Task item: No pictures belong in the result; set down exactly the lines from the one containing "Maison 6 pièces" through the final line of the listing, and nothing more.

Materials provided:

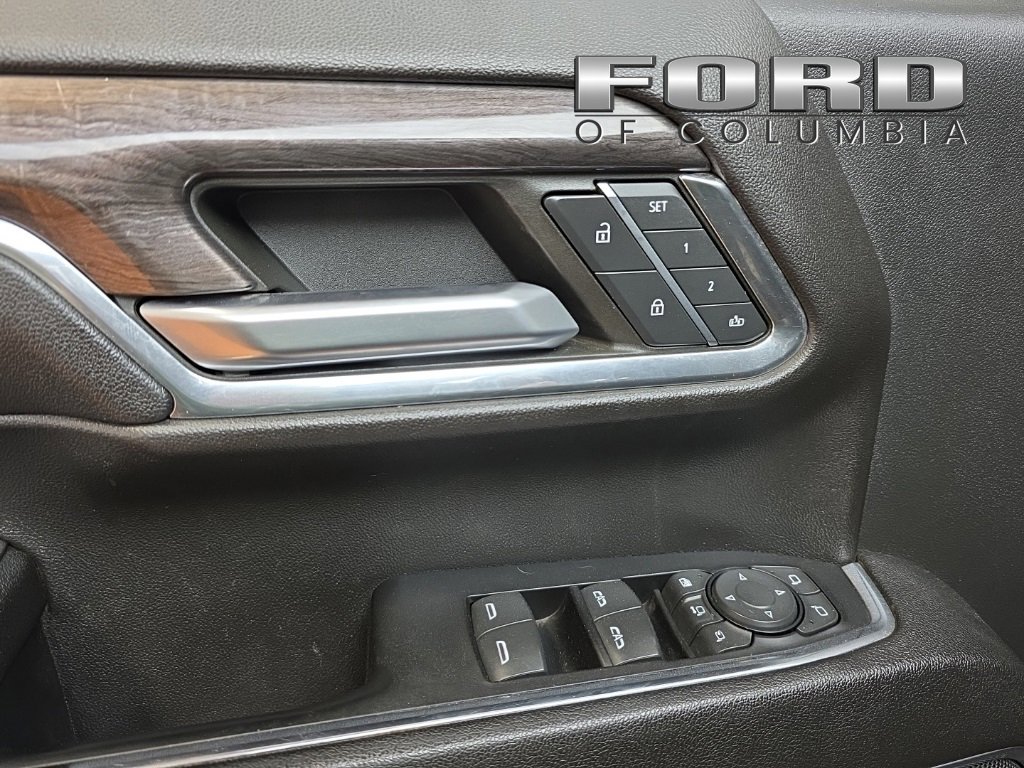 Used 2024 Chevrolet Silverado 3500 LTZ w/ LTZ Convenience Package image 27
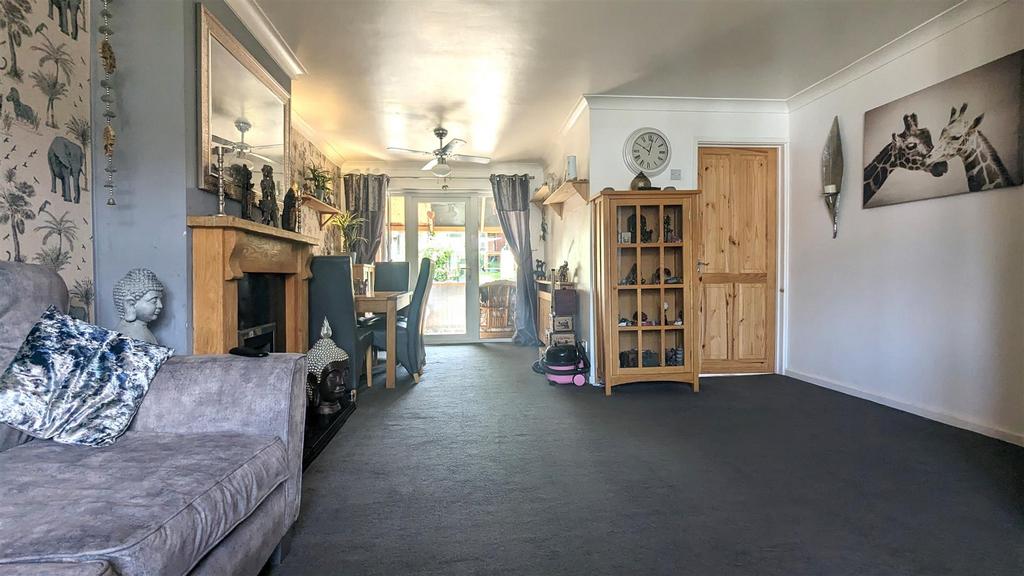 Living & Dining Area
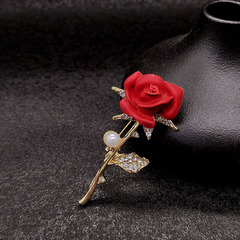 New red rose brooch, high-end diamond-encrusted corsage, Korean style anti-exposure pin, clothing accessories wholesale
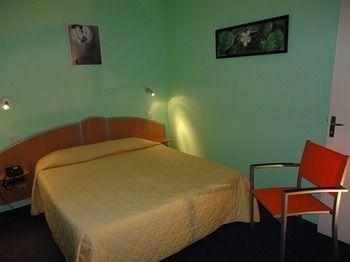 Ho36 Opera Hotel 5*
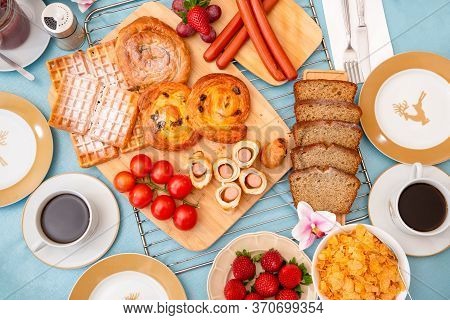 Breakfast Served In The Morning With Cereal Bread, Raisin Bread, Banana Bread, Sausage Bread, Chicke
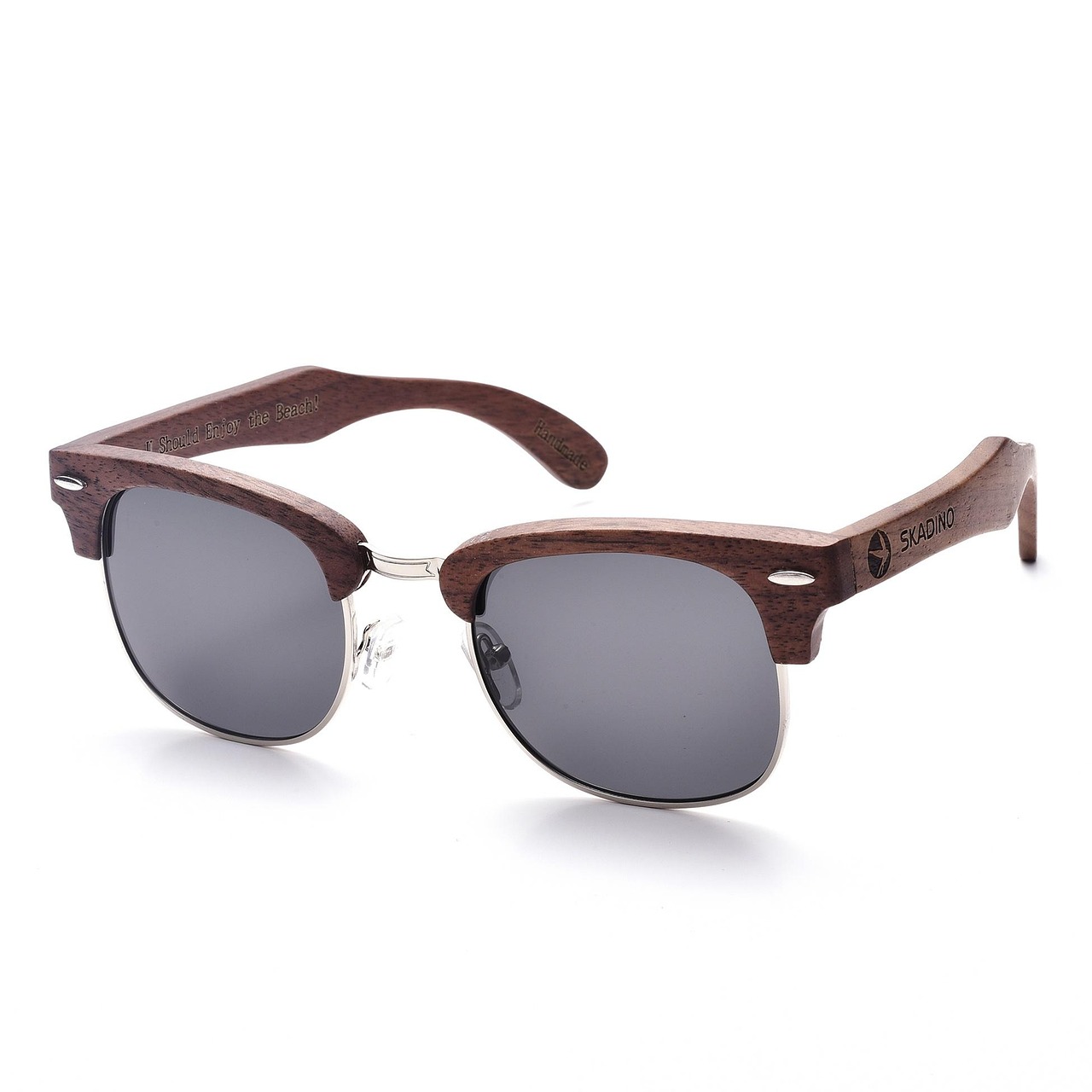 entdecken sie stilvolle sonnenbrillen für damen und herren – trendige designs, hochwertiger uv-schutz und komfortabler sitz. perfekt für sonnige tage und modische auftritte!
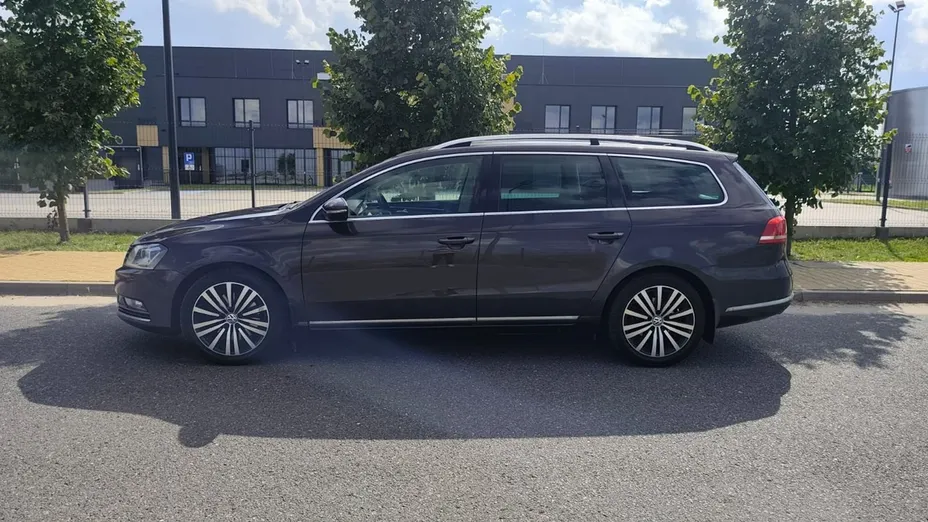 VOLKSWAGEN Passat -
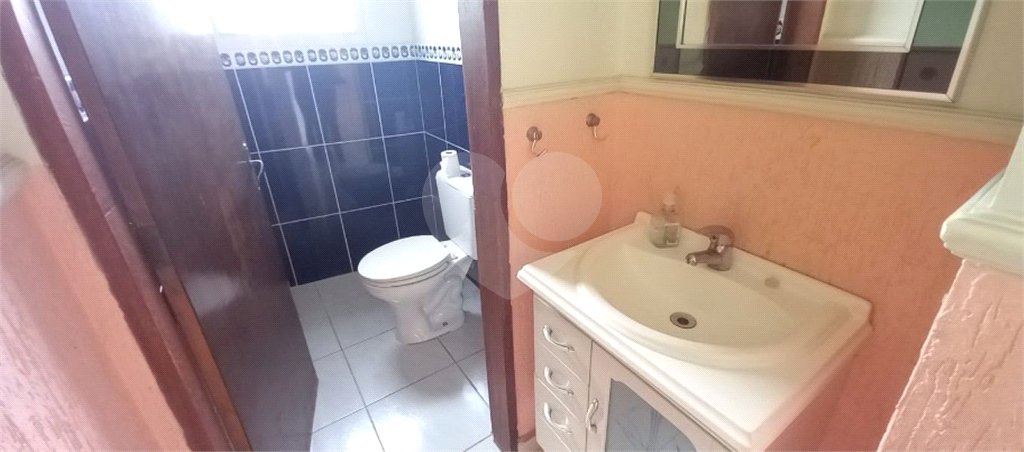 Sobrado para alugar com 3 quartos, sendo 1 suíte, em Parque Maria Domitila, São Paulo, SP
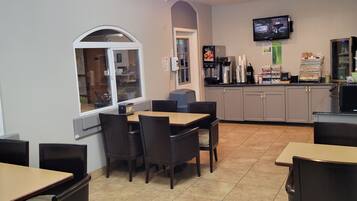 Dagelijks continentaal ontbijt inbegrepen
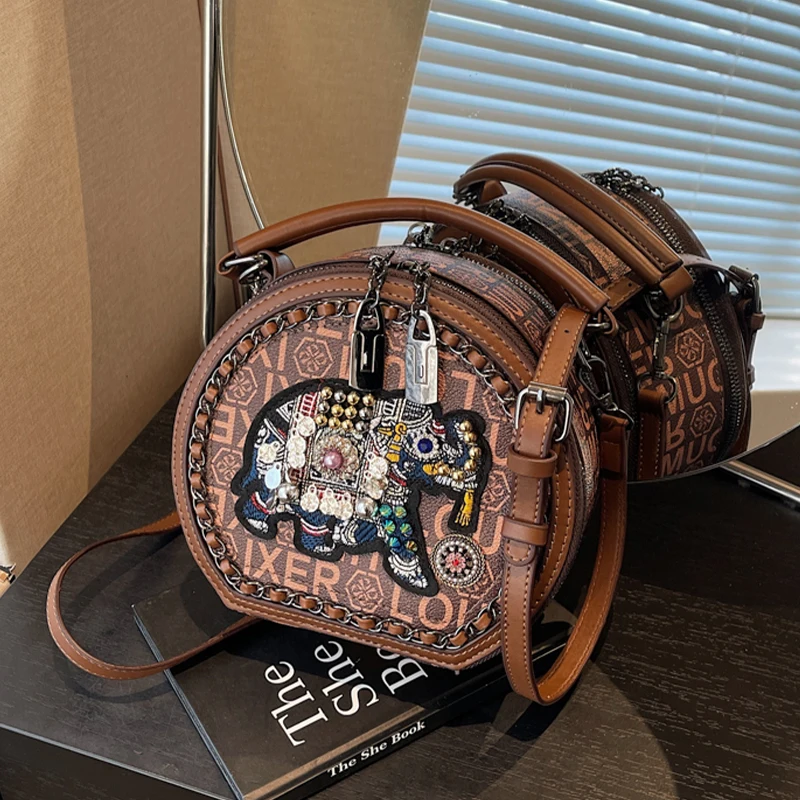 Coffee Round Handbag Luxury Diamond Studded Shoudler Bags For Women Cute elephant Crossbody Bag Zipper Purse Bolsa Circular Tote
Coffee Round Handbag Luxury Diamond Studded Shoudler Bags For Women Cute elephant Crossbody Bag Zipper Purse Bolsa Circular Tote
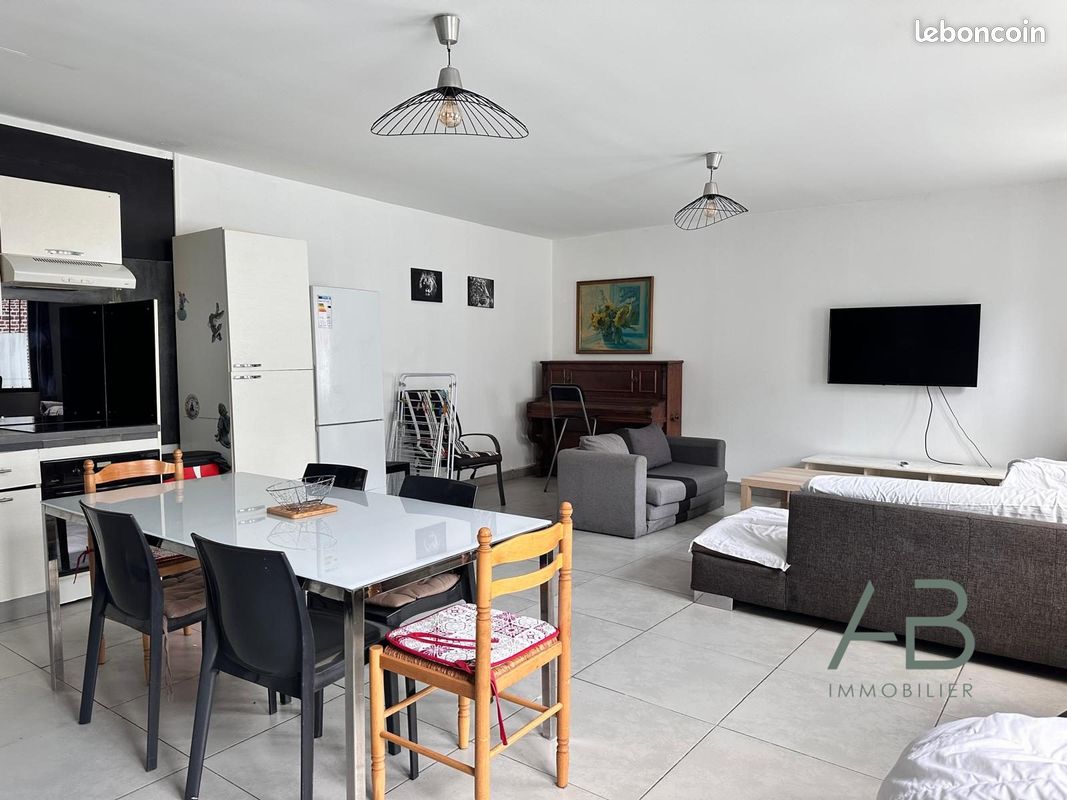 Maison 6 pièces 117 m² · à Lille · 117 m² · 383 000 €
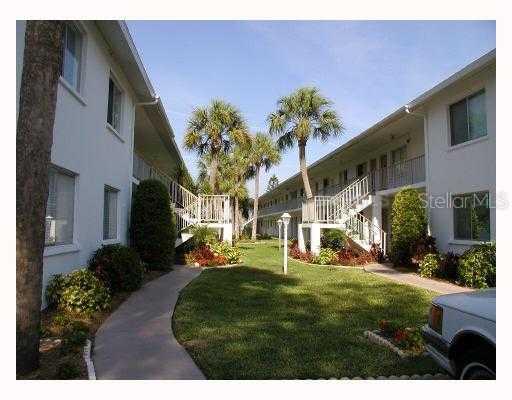 117 7th St. #16, Bradenton Beach, FL 34217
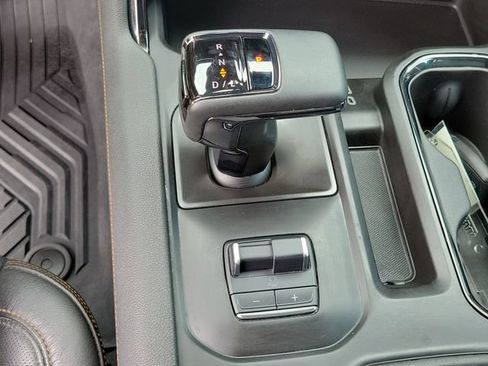 Used 2024 GMC Sierra 1500 AT4 w/ AT4 Premium Package AWD/4WD image 28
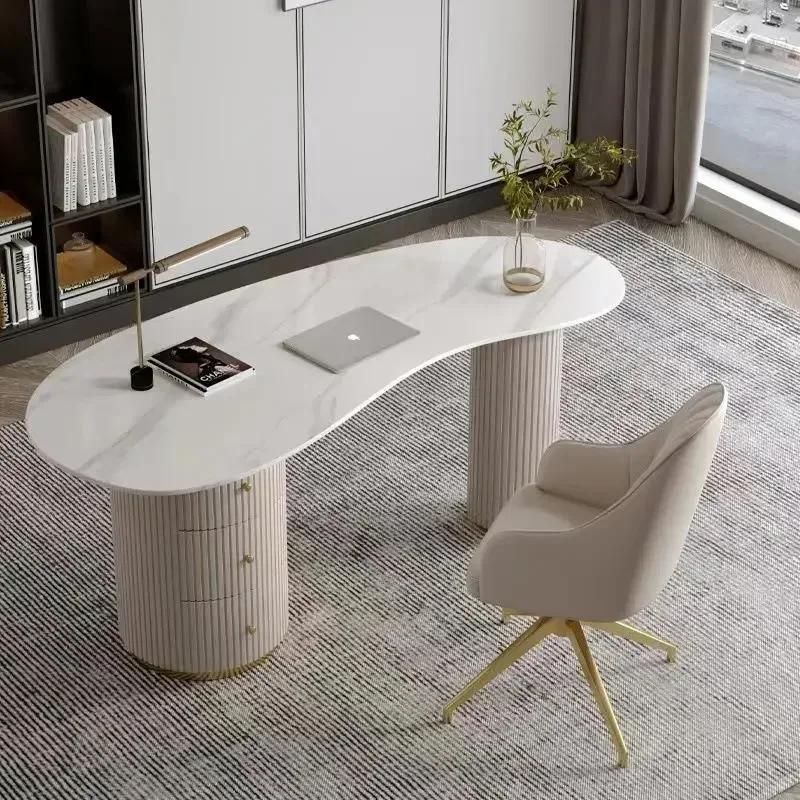 Une bureau d'ordinateur de bureau irrégulier en dalle de roche de luxe légère, bureau design, salon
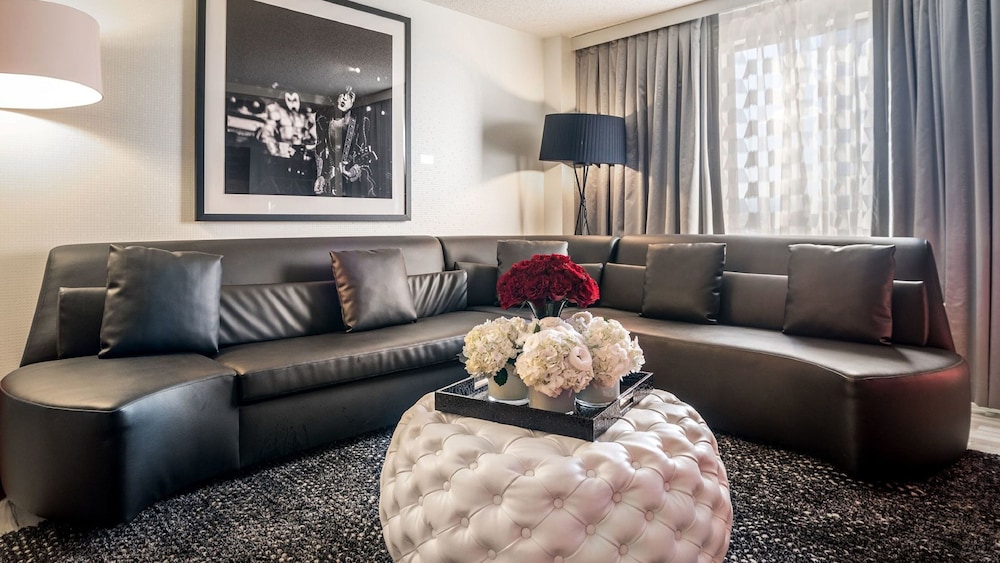 Suite, 1 King Bed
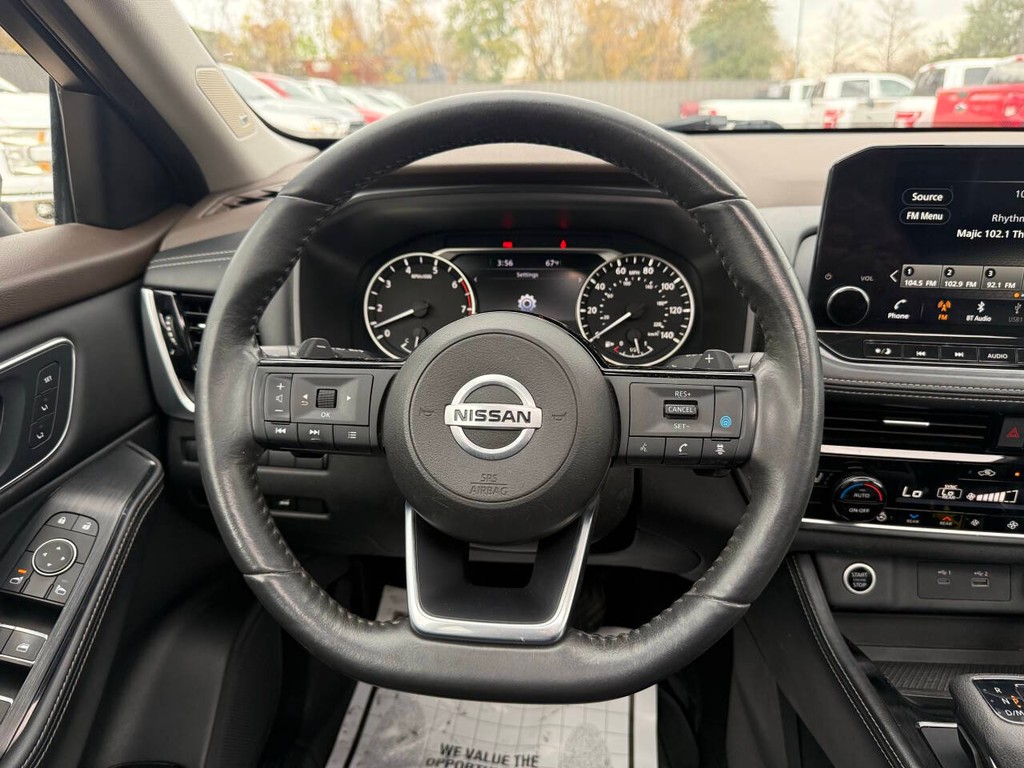 Nissan Rogue Vehicle Full-screen Gallery Image 22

Your solution:
 Maison 6 pièces 117 m² · à Lille · 117 m² · 383 000 €
 117 7th St. #16, Bradenton Beach, FL 34217
 Used 2024 GMC Sierra 1500 AT4 w/ AT4 Premium Package AWD/4WD image 28
 Une bureau d'ordinateur de bureau irrégulier en dalle de roche de luxe légère, bureau design, salon
 Suite, 1 King Bed
 Nissan Rogue Vehicle Full-screen Gallery Image 22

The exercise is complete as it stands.